The Venezuelan revolution has been going on for almost ten years now. It has been an enormous source of inspiration for workers and youth all over the world. For the first time since the fall of the Berlin wall in 1989, the idea of socialism has been discussed seriously on an international scale. Many have seen a concrete alternative to imperialism in the Venezuelan revolution, which has given hope and confidence that a socialist world is possible.
It is in this context that all socialists should be watching Venezuela with great interest, where the new socialist party, the PSUV (Partido Socialista Unido de Venezuela - United Socialist Party of Venezuela), has entered a two month congress period.

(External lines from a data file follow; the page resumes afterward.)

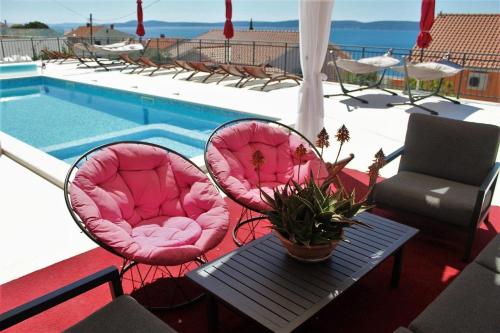 - deux chaises roses et une table à côté de la piscine dans l'établissement Helle Ferienwohnung mit Meerblick vom privaten Sonnenbalkon - b57594, à Trogir
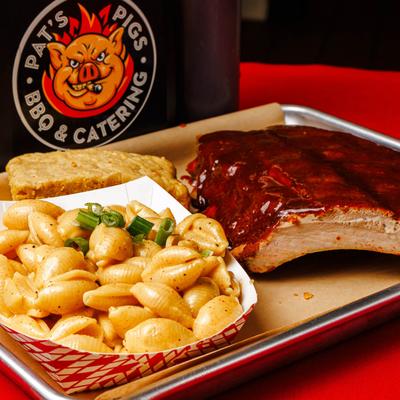 Half rack pork ribs topped with BBQ sauce, with sides of macaroni and corn bread.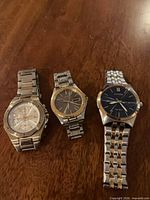 Group shot of three stainless steel wristwatches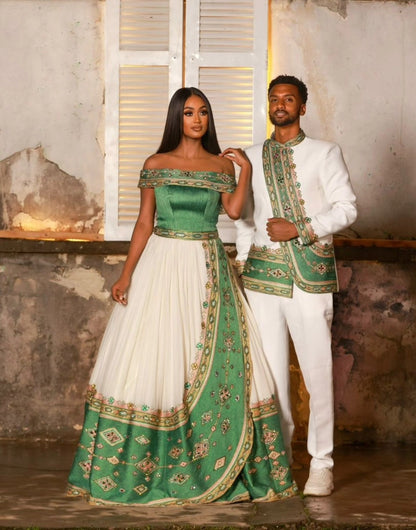Man and woman in formal Ethiopian Traditional matching couple outfit with green and white outfits standing in a rustic setting.
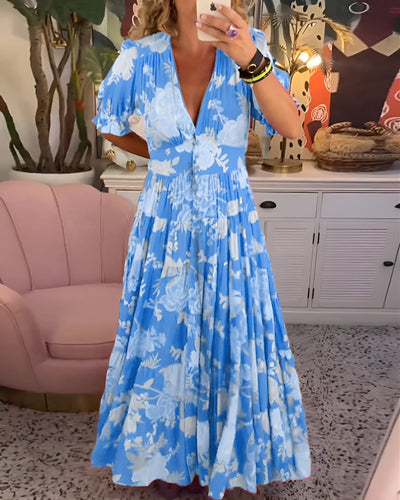 Carine | Robe à fleurs avec encolure en V et poches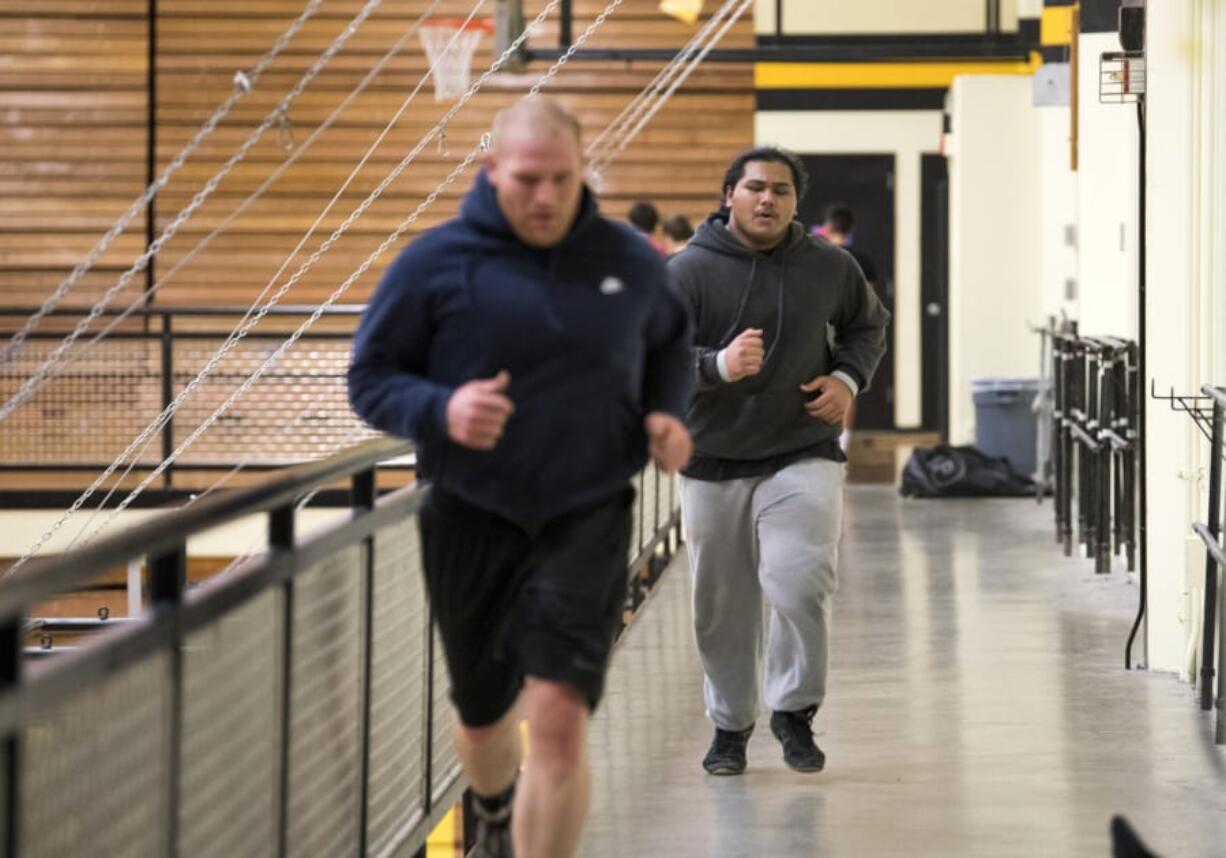 Angel Terry runs behind Hudson’s Bay assistant wrestling coach Dick Widle, left, as he prepares for Saturday’s 3A regional wrestling meet.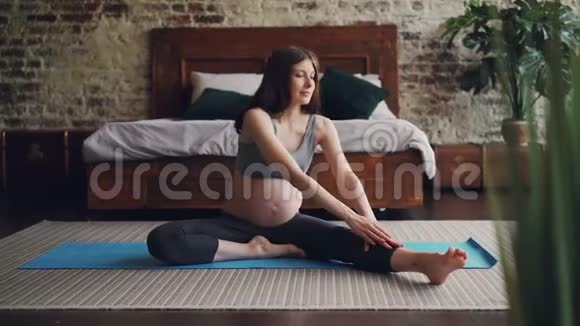 美丽的黑发女人期待妈妈做伸展运动弯着腰为妈妈练习瑜伽视频的预览图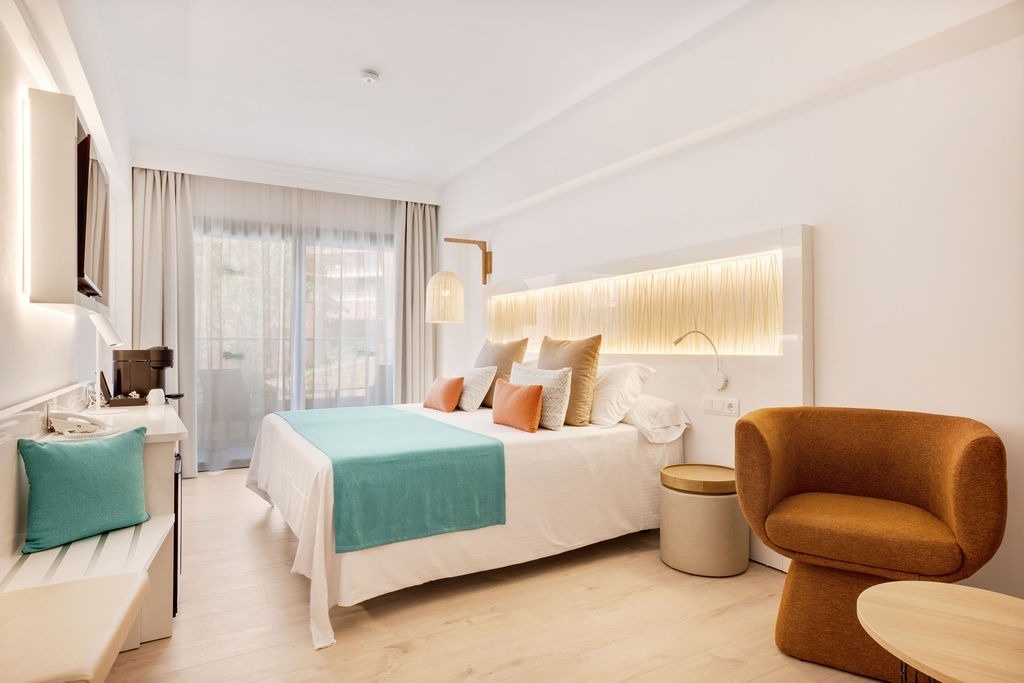 una habitación de hotel con dos camas y una pintura del océano en la pared .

The idea of forming the PSUV was originally put forward by president Hugo Chávez in a speech on December 15, 2006, barely two weeks after the overwhelming victory in the presidential elections, where 63% voted in favour of Chávez' political project. In the speech at the December 15 meeting, Chávez suggested that the PSUV should be formed to unite all revolutionary forces into one party and that the pace of the revolution towards the building of Socialism be accelerated.
The party should not be a mere continuation of the old corrupt political parties, but a party with genuine discussions and rank-and-file-democracy.
At the same time he made it clear that what he wanted was not a copy of the old Stalinist party scheme, because it had led to an "unnatural deviation" of Lenin's original Bolshevik party.
As we have explained in other articles recent events in Venezuela have confirmed that the revolution - after 10 years of struggle - has not been finished. There are serious problems with economic sabotage against the revolution, which has led to shortages of basic food products. This has been combined with the beginnings of tiredness amongst some layers of the masses who are frustrated with the long speeches about socialism and revolution without any clear action or concrete measures for the implementation of socialism being adopted.
All this was the main reason why Chávez and the Bolivarian movement lost the Constitutional referendum on December 2, 2007. The result did not show any big advance for the opposition (they only managed to increase their vote by 200,000 after a huge campaign). However, nearly 3 million who had voted for Chávez in December 2006 abstained in the Constitutional referendum. These 3 million did not go over to the opposition, but to abstention. They have obviously not become counter-revolutionaries, but are tired of words and slogans about socialism and want clear, decisive action.
The PSUV and the masses
It is against this background that we must understand the building of the PSUV. After the victory of December 2006 and throughout the year 2007, the masses have been striving to radicalise the revolution and materialise what Chávez has called revolución dentro de la revolución ("Revolution within the revolution").
By this, they understand an internal struggle inside the movement, that is to say an end to corruption and bureaucracy. Many of the politicians in the movement are not revolutionaries at all, but reformists who argue that the revolution must "slow down" its pace or make some kind of pact with the opposition. The masses have - correctly - seen this as a capitulation to the oligarchy and imperialism and thus as a betrayal of the revolution.
When Chávez first proposed the founding of the PSUV more than one year ago, he appealed to the masses by explaining, "you know the people in the communities, we must not allow thieves, corrupt people, drunkards in". "This party", he said, "will be the most democratic party in the history of Venezuela, there will be discussions, and the genuine leaders will rise from the rank and file" and he added "enough appointments from above".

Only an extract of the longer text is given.